The company said it had 320.4 billion yuan (£36bn) in revenues for the period, a decline of almost 30 percent compared to the same period in 2020.

The biggest decline came from Huawei’s consumer unit, which includes smartphones, and saw revenues decline by 47 percent year-on-year to 135.7bn yuan.

Huawei sold its Honor smartphone brand following the imposition of US sanctions, in order to allow the unit to continue in business as an independent company.

Image credit: Huawei

Smartphone decline

The US added Huawei to an export blacklist in 2019, making it difficult for the company to access components such as microprocessors that use US design or manufacturing technology.

“US sanctions have posed great difficulties to our business operations and day-to-day work,” said Huawei’s consumer devices chief, Richard Yu, as the company launched a new phone earlier this year.

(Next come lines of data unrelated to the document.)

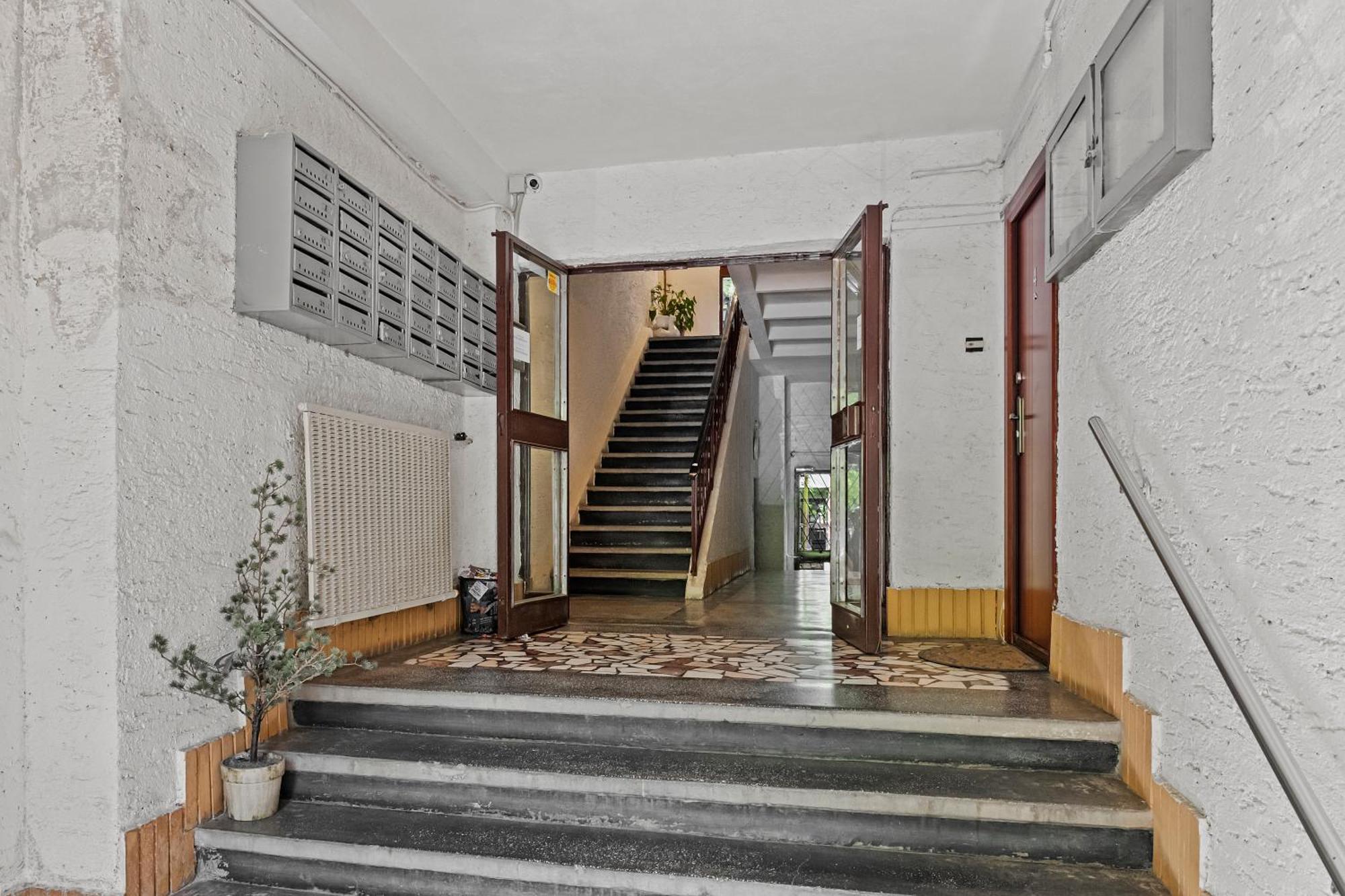 Parliament Retreat - Urban Hideaway Apartment *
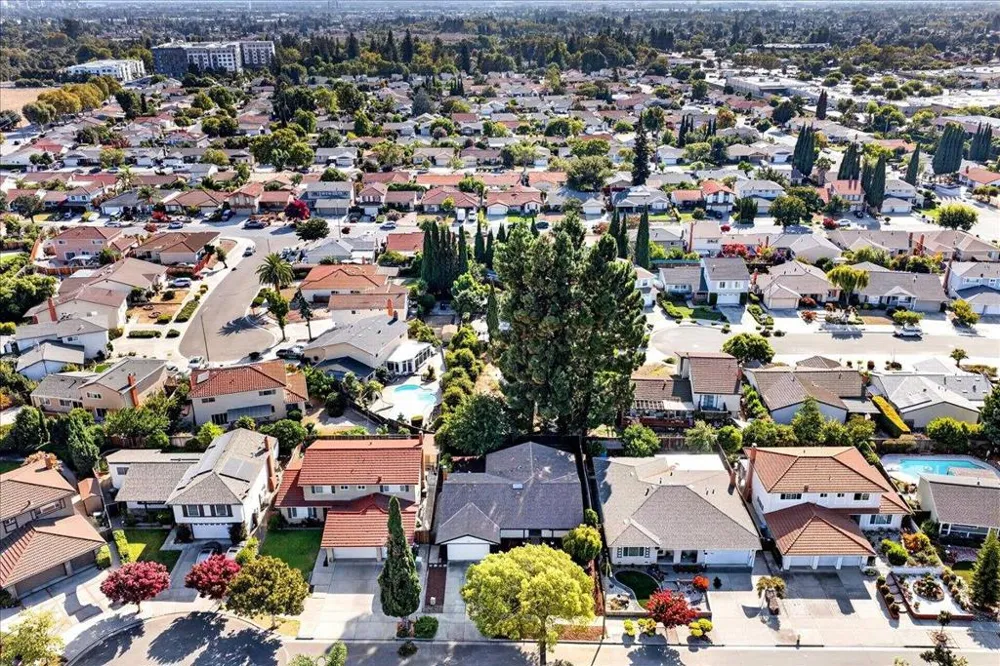 1055 Summerwood Court San Jose, CA 95132
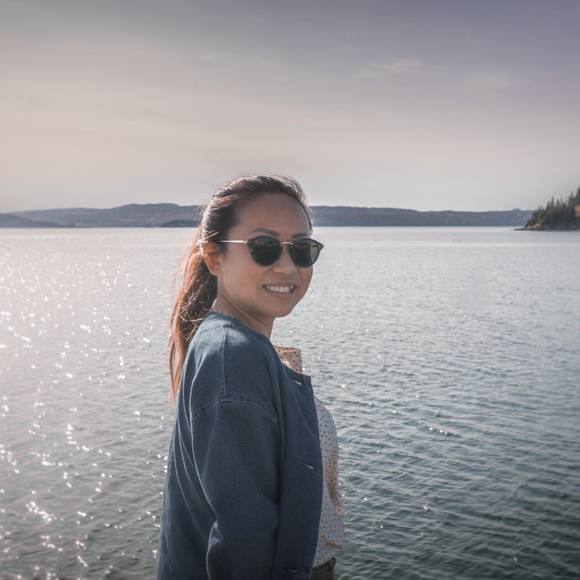 Meet your Posher, Kim - Picture 1 of 1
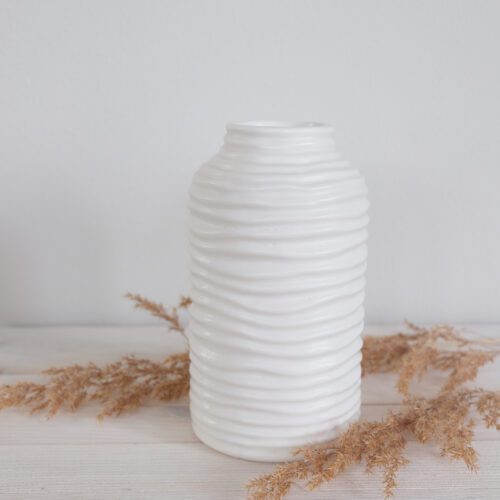 Aaltopintainen maljakko valkoinen keraaminen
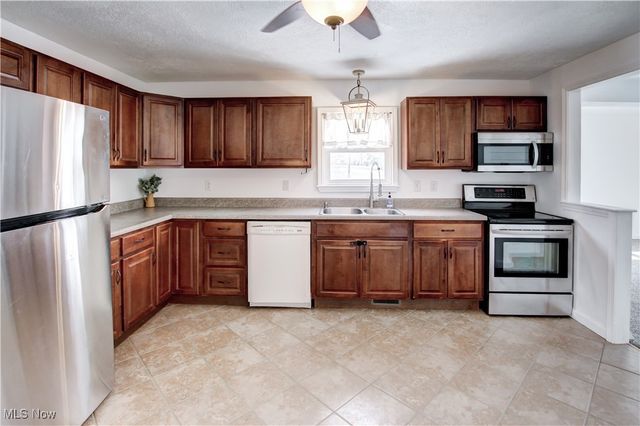 756 State Route 303, Streetsboro, OH 44241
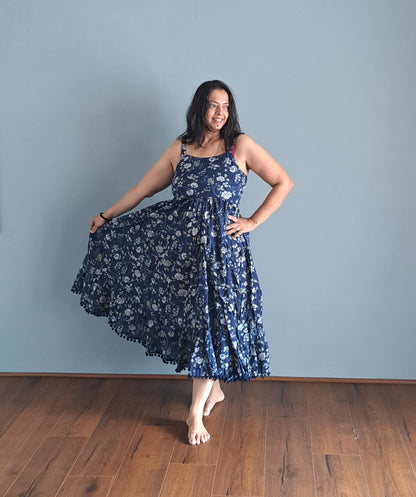 Midnight Blooms: Dark Blue and White Floral Spaghetti Midi Dress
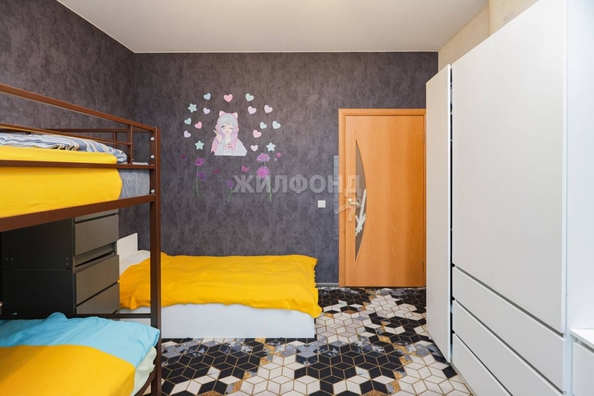 
   Продам 3-комнатную, 63.5 м², Лескова ул, 19

. Фото 12.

The sanctions mean that Huawei phones can’t work with Google software or services, forcing it to roll out its own HarmonyOS operating system and apps.

Huawei dropped out of the top five smartphone vendors for the first time in more than seven years in the second quarter, shipping only 6.4 million units, according to Canalys.

That compares to 27.4 million units in the same quarter a year earlier, excluding Honor handsets. Huawei sold Honor in November.

5G slowdown

The company said the global chip shortage also affected its business.

Huwei said its telecoms equipment business had seen a decline in revenue, which it told Reuters was due to the slow rollout of 5G in China.

But 5G sales outside of China increased, in spite of US pressure that has seen countries including the UK and Sweden bar Huawei from their 5G networks.

Huawei has denied US claims that its equipment poses a security risk and said the sanctions are economically motivated.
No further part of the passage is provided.